Whimper wants a bang

The interpretation of Earth’s evolutionary history as a five-act play, with a farce tacked on the end as envoi, certainly appeals to my dramatic sense. As gentle reader may know, each grand period or biotic Act ends with a massive extinction event. We have the curtains close on the Ordovician, the Devonian, the Permian, and the Triassic, repectively; then finally on the Cretaceous, with a big dinosaur kill-off, just 66 million years ago — each of these events leaving more bodies on stage than a Jacobean revenge tragedy. The causes were “whatever,” as we say today. Asteroid, maybe; gargantuan volcano; little green men zapping noxious pink rays.

Look at the chart (it’s scattered around the Wicked Paedia) and the drama becomes less clear. It is constructed from current fossil knowledge, at the level of genera. It is founded on a statistical count of when the last species in each known genera disappears, permanently, off stage. We haven’t actually seen him die, but in each case, we never see him again. (Except, sometimes we do find him, swimming unselfconsciously in the Indian Ocean as if nothing had happened, in which case we must remember to adjust our extinction count, and make a poster for another “endangered species.”)

The presumed extinctions tend to bunch here and there, as waves may do at sea. For the play subdivides into scenes as well as acts, and lines within each scene. And even on the great acts, those curtains tend to close in “pulses” — as if the pulleys are jammed, and the stage manager must yank the cords again and again, and they never quite shut completely.

From the pop-science press I gather that “settled science” has moved in on the cause of the Permian/Triassic “boundary event” — the biggest of the big kill-offs. That is just where Shakespeare likes to put his climax: about the end of Act Three. This leaves him two more acts to sort out the mess he has created. In this case, the mess is now attributed to the Siberian Traps.

The Earth scientists now believe this vast region of igneous rock in present-day north-west Siberia (formerly northern Pangea) began tooting the greenhouse gases, big time, around 252 million years ago, and kept it up for over one million years. In addition they spewed more than one million cubic miles of lava — enough to cover the whole planet, more than thirty feet deep.

“Yikes,” will be our first reaction. Pump me full of greenhouse gases, and bury me under three storeys of molten lava, and I would consider going extinct, myself. And I’d be looking suspiciously at anyone who wasn’t. It sounds like a planetary Pompeii.

But note: “over a million years.” That’s less than one three-thousands of an inch per year; about what I expect falls on the cleanest city in the form of dust. Much less, in fact, because the rocks of the Siberian Trap are mostly basalts formed from lava that doesn’t much shoot upward; it just spreads and blobs on location. And note, another little fact I’ve not yet supplied: that the extinctions peak just after all this heaving. Then further note, that all of this depends on dating methods that can of themselves be plus-or-minus a couple million years; and cannot be checked against the actual sequence of events, until time agrees to move backward. (Only in my dreams.)

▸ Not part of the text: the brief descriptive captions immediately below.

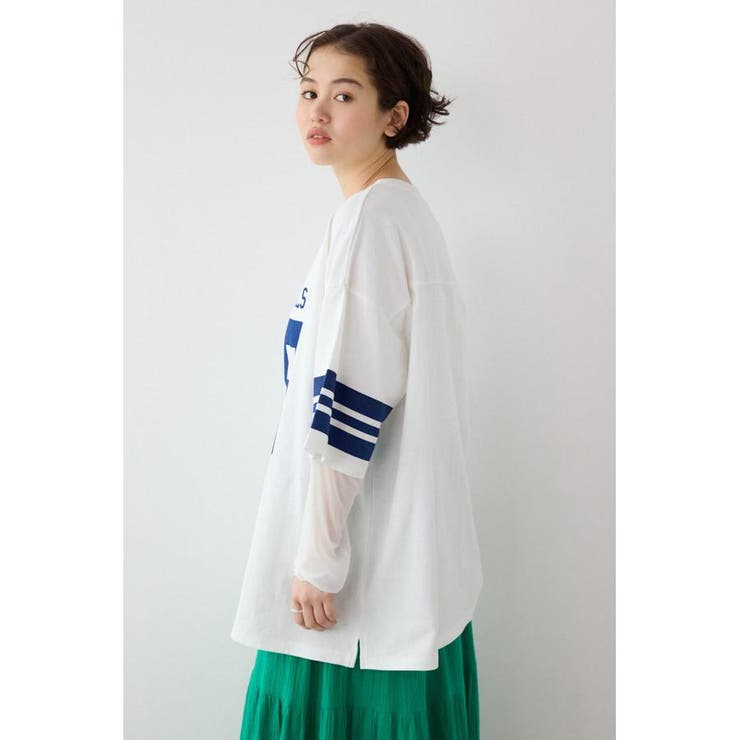 チュールレイヤードナンバートップス | RODEO CROWNS WIDE BOWL | 詳細画像2 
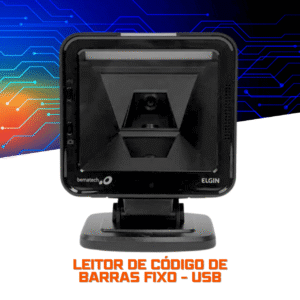 Leitor De Código De Barras Elgin El8600 USB 2D 5v Preto - Fixo
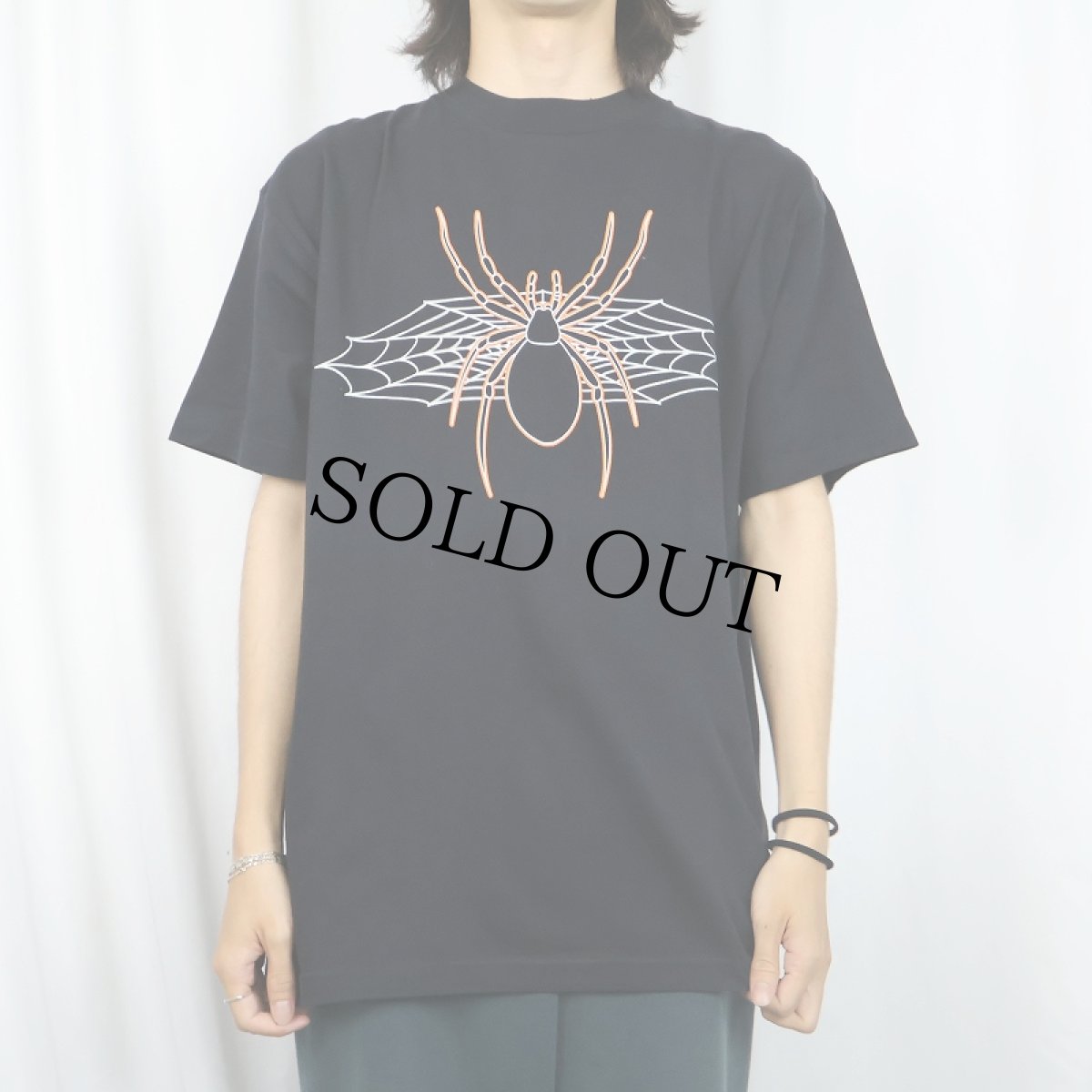 画像3: 90〜2000's Briar Creek 蜘蛛プリントTシャツ BLACK L (3)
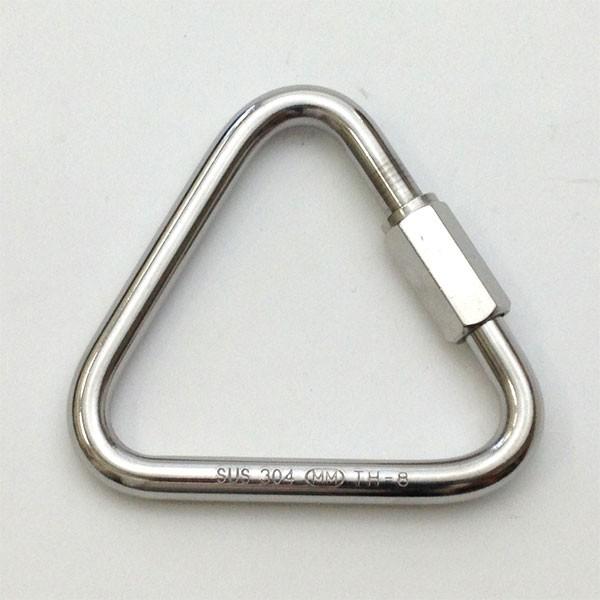 水本 TH-8 三角 リングキャッチ ステンレス 太さ 8mm 内幅 53mm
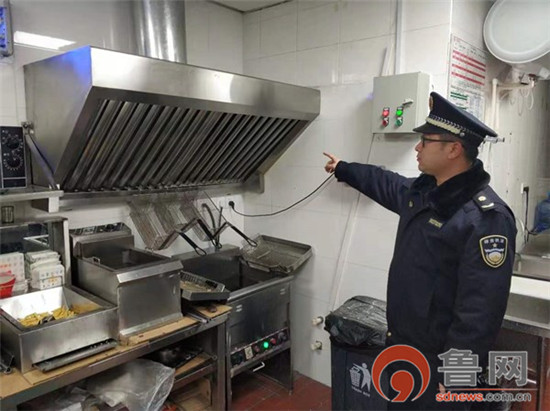 阜安综合行政执法中队开展餐饮业户全面排查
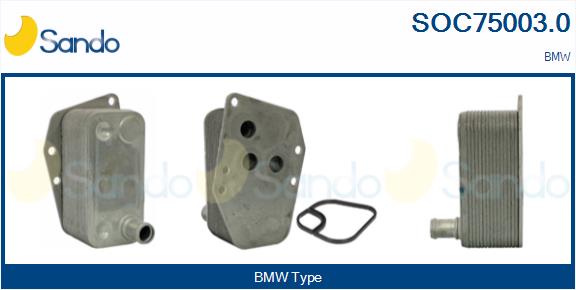 Radiatore olio, olio motore SANDO SOC75003.0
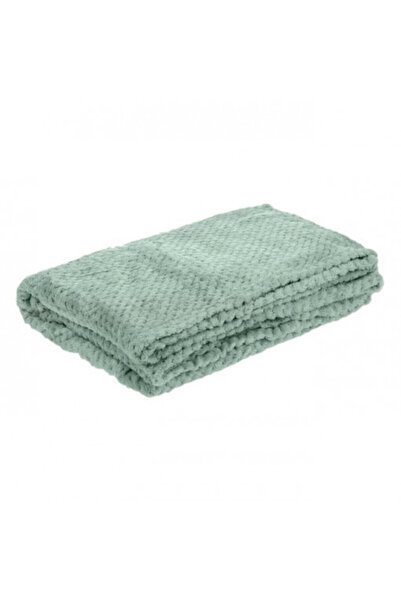 OEM Soft decorative winter blanket, size 160 x 130 cm, Mint Green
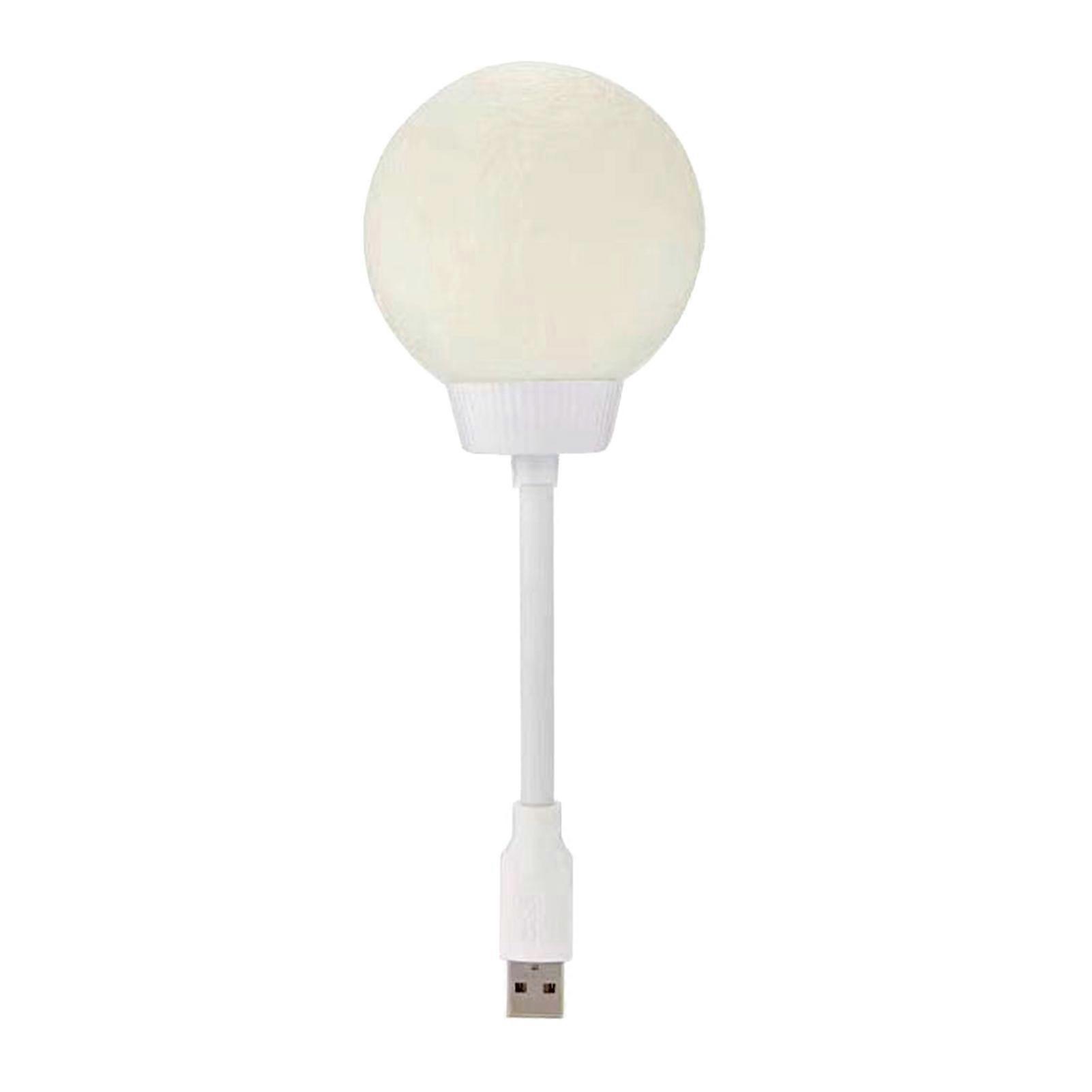 USB Plug-In Moon Shaped Voice Controlled Night Light Multi-Purpose Rotatable Night Light for Home Kitchen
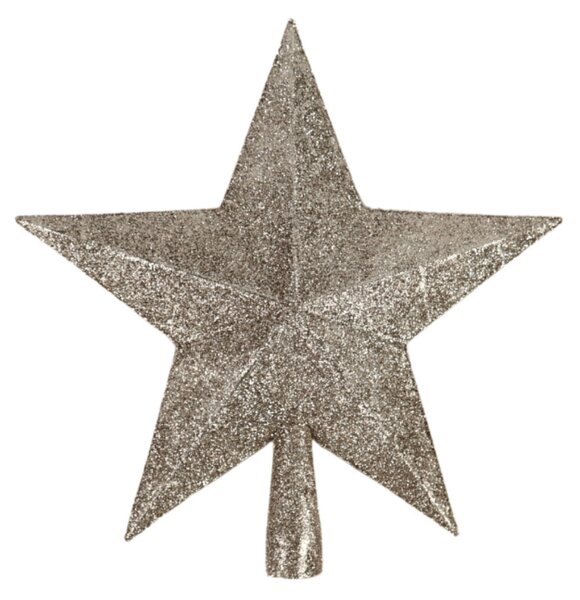 Špička na vánočný stromeček hvězda GLIMORA 22 cm, zlatá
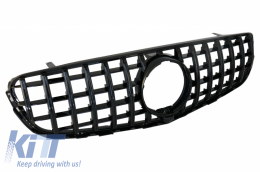 Grille centrale avant adaptable sur MERCEDES GLC X253 C253 (2015-2018) AMG GT R Panamericana Design Tout Noir--image-6040009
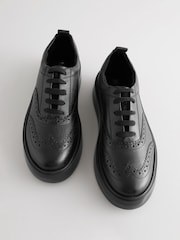 Black Forever Comfort® Leather Chunky Brogues Trainers - Image 5 of 8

I can’t help it, gentle reader, I am one of nature’s sceptics. Show me a “theory” and I start feeling for holes. Often enough I find that it is a conjuring trick, some prestidigitation; a little hocus-pocus performed on the gullible, and information-starved. (“Modern science is like magic.”) The audience imagines thirty feet of lava falling all at once. The reality is a few specks of soot.

One might also note that the greatest devastation occurred not on land, but underwater. (The fact that sea levels appear to have been plunging at the time, makes a curious aside.)

I, like any clever scienticist, could fuddle with the data till my eyes crossed, then shrug and postulate various “events within the event” — weaves, turns, sprints, wrinkles, leaps, bobbles — plus an unknown number of additional “whatevers.” But I wouldn’t go on television until I’d found hard evidence of my purely speculative play-by-play. Smoking guns are all very well, but a coroner requires a one-to-one pairing between bullets and wounds.

As the wide-eyed propagators of the BBC put it: “The precise details of how this caused so many life forms to die out remain the subject of scientific discussion.”

Or as I would paraphrase: “They don’t have a chuckling clew.”

This leaves us with my promised farce, or “Act Six” in the programme. This is the one we are watching now. In this one we have, at present, more than seven billion “fully-evolved” humans looking for the next extinction event. Vain little creatures who, tired of waiting, think they can cause it themselves.